3The appellant supplied Particulars of Negligence of the respondent’s servant/driver/agent at Paragraph 5a to k of the Plaint dated 15th December 2020, while the Particulars of Damage to Motor Vehicle Registration No. KCY 427P were given by the appellant at Paragraph 6 of the Plaint. In terms of Special Damages, the appellant’s claim was as follows:aAccident Assessment Report Kshs. 6,000.00bPolice Abstract Kshs. 100.00cCopies of Records from NTSA Kshs. 3,000.00dTowing charges Kshs. 30,000.00
4The appellant had averred in his Plaint that the pre-accident value of the Motor Vehicle Registration No. KCY 427P was ascertained at Kshs. 2,500,000.00. He asked also stated that the wreckage was given a salvage value of Kshs. 400,000.00. The appellant further asserted that the Motor Vehicle was being used as an income generating chattel and would fetch Kshs. 5,500.00 per day. He therefore claimed that amount by way of loss of user for 6 months. Accordingly, the appellant prayed for judgment against the respondent for:aPre-accident value of Motor Vehicle Registration No. KCY 427PbGeneral DamagescSpecial DamagesdCosts of the suiteInterest on [a] and [c] at court rates.fAny other relief the Court may deem fit and just to grant.

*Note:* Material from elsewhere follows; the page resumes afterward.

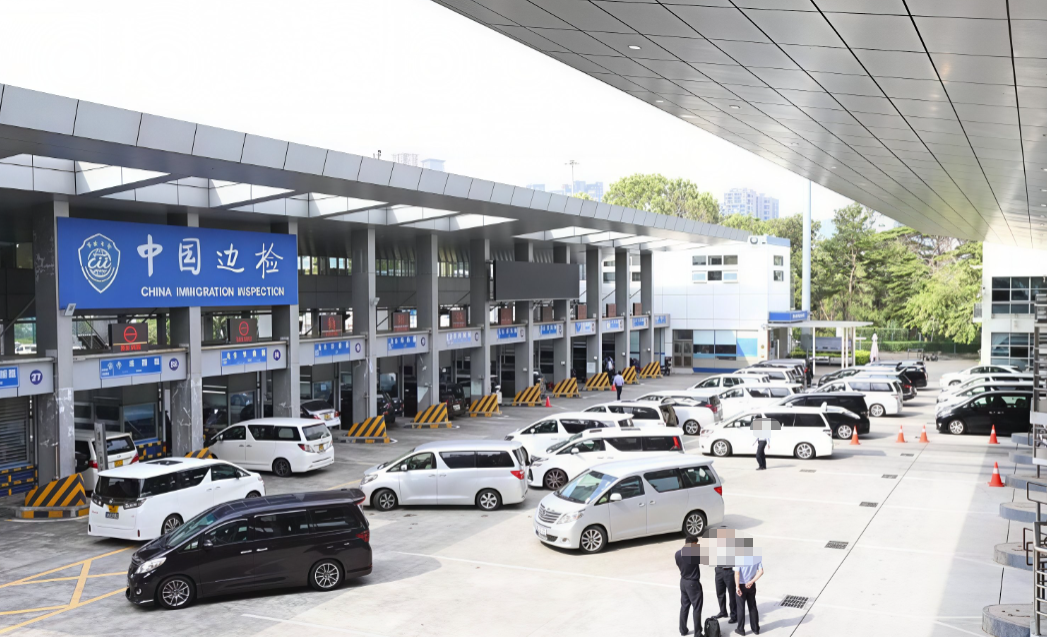 深圳湾口岸繁忙跨境车流 深圳湾口岸繁忙跨境车流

5Although the defendant filed a Statement of Defence dated 4th November 2021 alleging negligence on the part of the appellant, no evidence was adduced by the defendant at the hearing. Upon considering the evidence of the appellant and his witness, the lower court fixed liability against the respondent at 100% against the respondent. In terms of quantum, the lower court awarded Kshs. 21,000,000.00 by way of general damages, and Kshs. 36,100.00 as special damages together with costs. The lower court took into account that the motor vehicle had been written off; as well as its salvage value of Kshs. 400,000.00. The lower court also took into consideration the pre-accident value of the motor vehicle of Kshs. 2,500,000.00.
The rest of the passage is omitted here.